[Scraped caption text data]
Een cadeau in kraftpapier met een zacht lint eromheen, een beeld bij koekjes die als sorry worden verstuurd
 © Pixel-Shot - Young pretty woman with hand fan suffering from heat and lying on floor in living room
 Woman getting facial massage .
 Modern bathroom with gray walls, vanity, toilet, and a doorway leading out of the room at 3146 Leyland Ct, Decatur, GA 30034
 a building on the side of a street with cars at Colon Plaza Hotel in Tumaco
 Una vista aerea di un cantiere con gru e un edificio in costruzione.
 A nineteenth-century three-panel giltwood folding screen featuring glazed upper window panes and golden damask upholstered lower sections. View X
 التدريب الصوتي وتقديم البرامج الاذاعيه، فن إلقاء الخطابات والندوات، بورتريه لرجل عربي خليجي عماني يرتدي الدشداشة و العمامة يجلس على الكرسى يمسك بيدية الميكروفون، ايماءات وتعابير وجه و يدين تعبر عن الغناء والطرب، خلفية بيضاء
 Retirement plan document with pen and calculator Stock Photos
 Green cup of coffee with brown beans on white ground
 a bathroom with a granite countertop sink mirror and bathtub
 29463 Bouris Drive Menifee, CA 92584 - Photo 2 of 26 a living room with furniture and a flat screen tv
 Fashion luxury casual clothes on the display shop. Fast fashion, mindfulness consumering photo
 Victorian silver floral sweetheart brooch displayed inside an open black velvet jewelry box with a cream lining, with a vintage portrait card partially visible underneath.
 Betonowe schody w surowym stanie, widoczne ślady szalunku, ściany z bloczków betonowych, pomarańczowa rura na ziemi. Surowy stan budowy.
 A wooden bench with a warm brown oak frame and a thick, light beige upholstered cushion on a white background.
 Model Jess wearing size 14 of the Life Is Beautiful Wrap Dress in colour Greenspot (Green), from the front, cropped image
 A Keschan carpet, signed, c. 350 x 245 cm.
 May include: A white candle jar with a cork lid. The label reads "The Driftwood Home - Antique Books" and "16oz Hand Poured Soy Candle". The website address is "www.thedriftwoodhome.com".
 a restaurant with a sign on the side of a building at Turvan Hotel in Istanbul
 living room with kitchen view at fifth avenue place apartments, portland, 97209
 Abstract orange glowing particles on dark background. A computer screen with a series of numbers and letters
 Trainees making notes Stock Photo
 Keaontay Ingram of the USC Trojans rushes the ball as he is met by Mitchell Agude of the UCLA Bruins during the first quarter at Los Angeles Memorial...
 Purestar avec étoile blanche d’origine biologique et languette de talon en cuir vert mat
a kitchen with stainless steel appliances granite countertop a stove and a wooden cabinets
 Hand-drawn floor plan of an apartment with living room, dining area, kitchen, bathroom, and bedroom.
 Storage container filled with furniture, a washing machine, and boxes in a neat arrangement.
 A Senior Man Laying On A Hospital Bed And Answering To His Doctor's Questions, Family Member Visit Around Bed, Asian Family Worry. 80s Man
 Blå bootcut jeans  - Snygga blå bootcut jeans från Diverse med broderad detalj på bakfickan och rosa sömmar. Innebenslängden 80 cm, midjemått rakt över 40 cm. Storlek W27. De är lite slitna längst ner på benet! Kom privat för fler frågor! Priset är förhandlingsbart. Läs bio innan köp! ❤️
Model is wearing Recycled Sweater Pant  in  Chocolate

* _TASK DETAILS_: Lines in the data that include the word "wooden" should all be copied.

* _TASK ANSWER_:
 A wooden bench with a warm brown oak frame and a thick, light beige upholstered cushion on a white background.
a kitchen with stainless steel appliances granite countertop a stove and a wooden cabinets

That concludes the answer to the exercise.